Bishop Paprocki noted the term “eucharistic coherence” — a harmony between belief in the Real Presence of Jesus Christ in the Eucharist, and conformity in thought and action with church teaching — derives from the Latin American bishops’ 2007 Aparecida document.
In that text, the bishops — among them, then-Cardinal Jorge Mario Bergoglio — stated the faithful “cannot receive holy Communion and at the same time act with deeds or words against the commandments, particularly when abortion, euthanasia and other grave crimes against life and family are encouraged.”
“Pope Francis has declared the Aparecida document as a pastoral blueprint,” said Bishop Paprocki. “It would seem if you reject the concept of eucharistic coherence, it’s a rejection of Pope Francis’ (pastoral theology).”
Conscience “can be at variance with church teaching,” said the bishop. “But then, the person … should have the integrity to say, ‘I don’t believe what the Catholic Church teaches.’ … (Otherwise), there’s almost an implication that a Catholic can believe what he or she wants, and still be a good Catholic.”
Christ’s offer of radical inclusion — a desire for which the 2021-2024 Synod on Synodality stresses — demands “a change of heart” while fully respecting human freedom, said Bishop Paprocki.
“Our Lord does call everyone, but what does he call us to?

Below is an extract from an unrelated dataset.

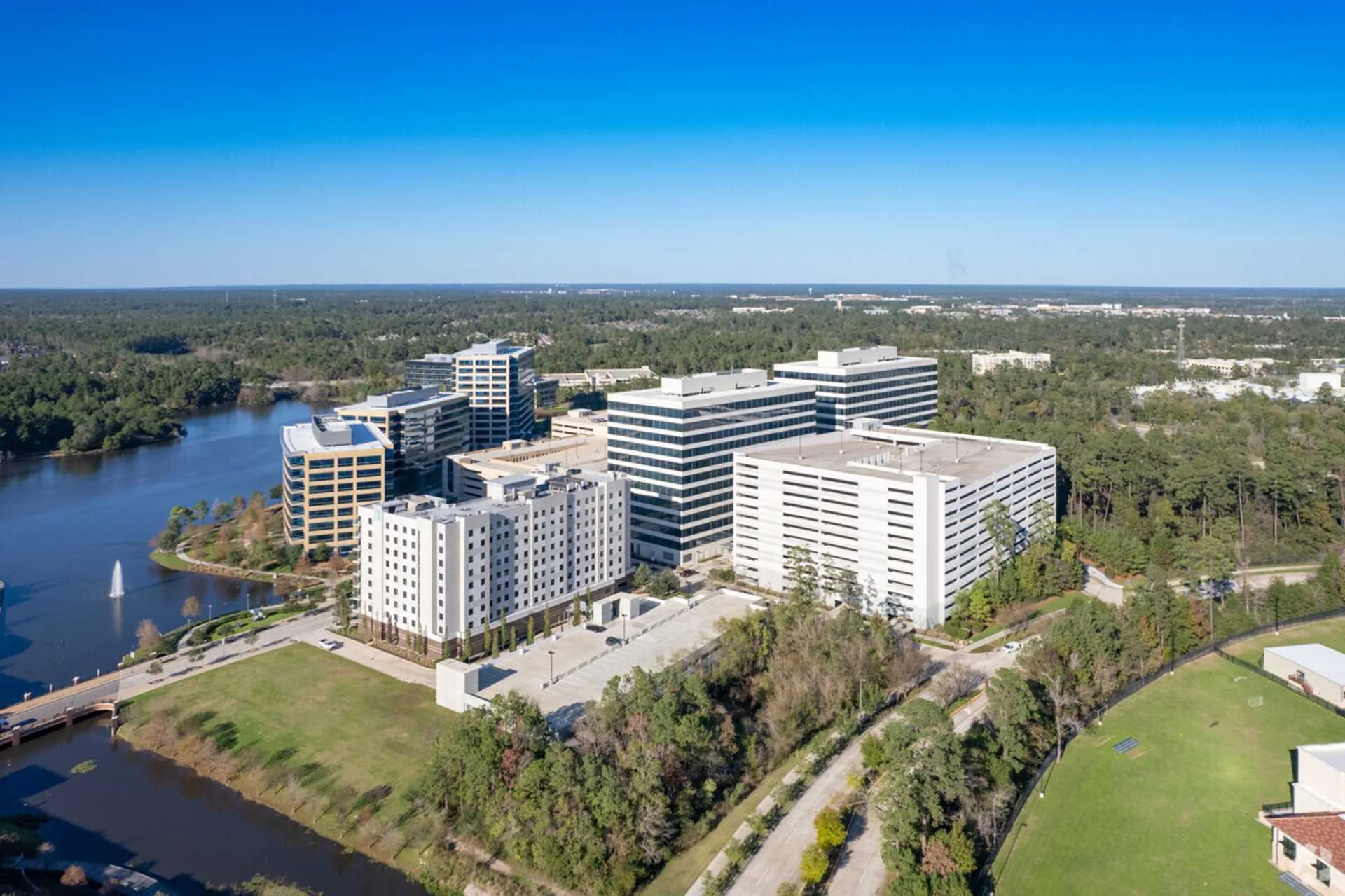 Three Hughes Landing — Lease in The Woodlands, TX, photo 8 of 8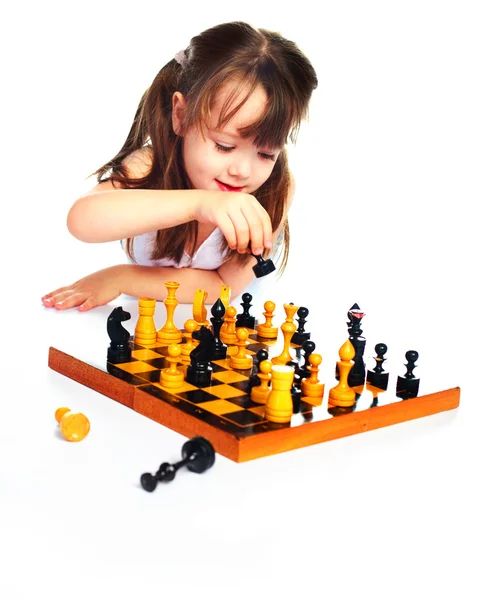 Chica jugando ajedrez — Foto de Stock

I find it very significant that the first words of the Lord (in the Gospels) are ‘repent and believe,'” said the bishop. “Many people walked away from Jesus … he didn’t modify his teaching. He didn’t say, ‘It really doesn’t matter if you don’t believe, just come and enjoy the party anyway.'”
While merciful with human frailty, Christ “makes very clear what it means to be his disciple,” said the bishop.
“Our Lord says, ‘Come and follow me,’ but that invitation is not on our terms but his,” said Bishop Paprocki. “He loves us as we are, but he calls us to conversion, repentance and something greater. He doesn’t leave us in our sinful condition. … Our Lord definitely calls and welcomes everyone, but then he calls us to a new and better life.”
Catholic commentators contacted by OSV News noted the vigorous nature of the bishops’ debate, but said such concerns among clerics are far from unprecedented in church history.
“This is hardly the first time one cleric has called another cleric a heretic,” John L. Allen Jr., editor of Crux, told OSV News. Allen said the word “heresy” also has lost much of its “shock value,” with reactions to it becoming “predictable” amid the “war of culture” experienced within the church.
“The doctrine of the Eucharist is … where these tensions present themselves, because the Eucharist is the living heart of the Catholic faith,” he said. “And so our disagreements over the Eucharist are going to be unfortunately more intense.”